Supplied data Block Start

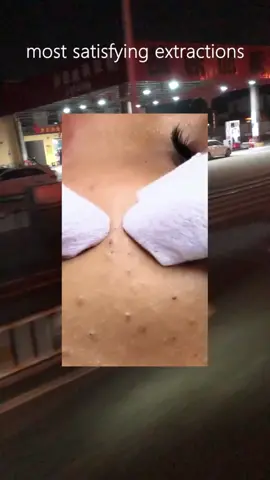 #pimple #acne #comfortable #blackhead #pimplepopper #viral #tiktok 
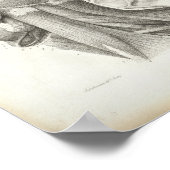 アンティーク頸肩筋医療プリント ポスター (角)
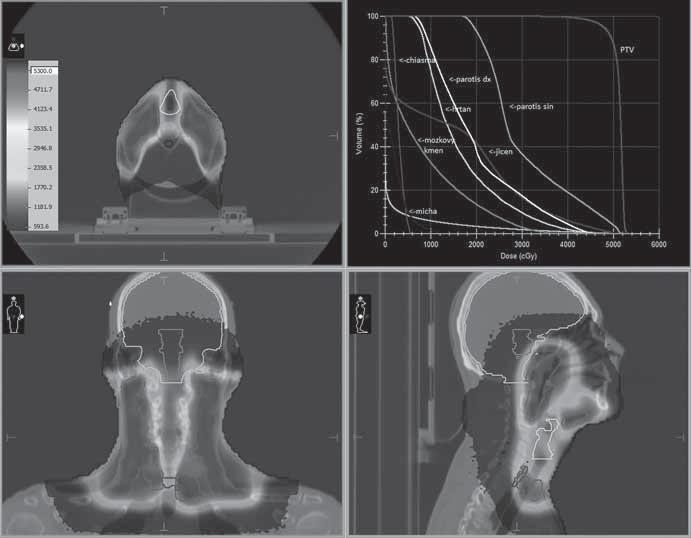 VI. RADIOTERAPEUTICKÉ METODY VI/ 43. PROTONOVÁ CHEMORADIOTERAPIE TECHNIKOU PENCIL BEAM SCANNING V LÉČBĚ NÁDORŮ HLAVY A KRKU S NUTNOSTÍ OZAŘOVÁNÍ BILATERÁLNÍCH KRČNÍCH UZLIN KUBEŠ J., DĚDEČKOVÁ K.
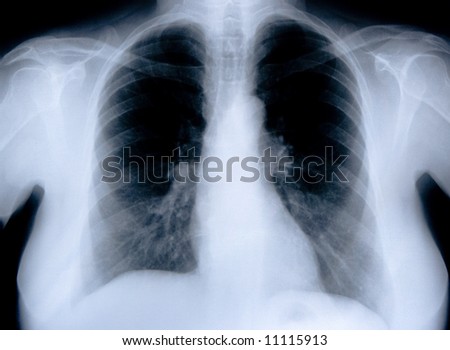 health medical image of an x ray of the chest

Supplied data Block End

* _Your instructions_:
The result should be every line of the data, reproduced exactly, with the images removed.

* _Reply to the exercise_:
 #pimple #acne #comfortable #blackhead #pimplepopper #viral #tiktok 
 アンティーク頸肩筋医療プリント ポスター (角)
 VI. RADIOTERAPEUTICKÉ METODY VI/ 43. PROTONOVÁ CHEMORADIOTERAPIE TECHNIKOU PENCIL BEAM SCANNING V LÉČBĚ NÁDORŮ HLAVY A KRKU S NUTNOSTÍ OZAŘOVÁNÍ BILATERÁLNÍCH KRČNÍCH UZLIN KUBEŠ J., DĚDEČKOVÁ K.
 health medical image of an x ray of the chest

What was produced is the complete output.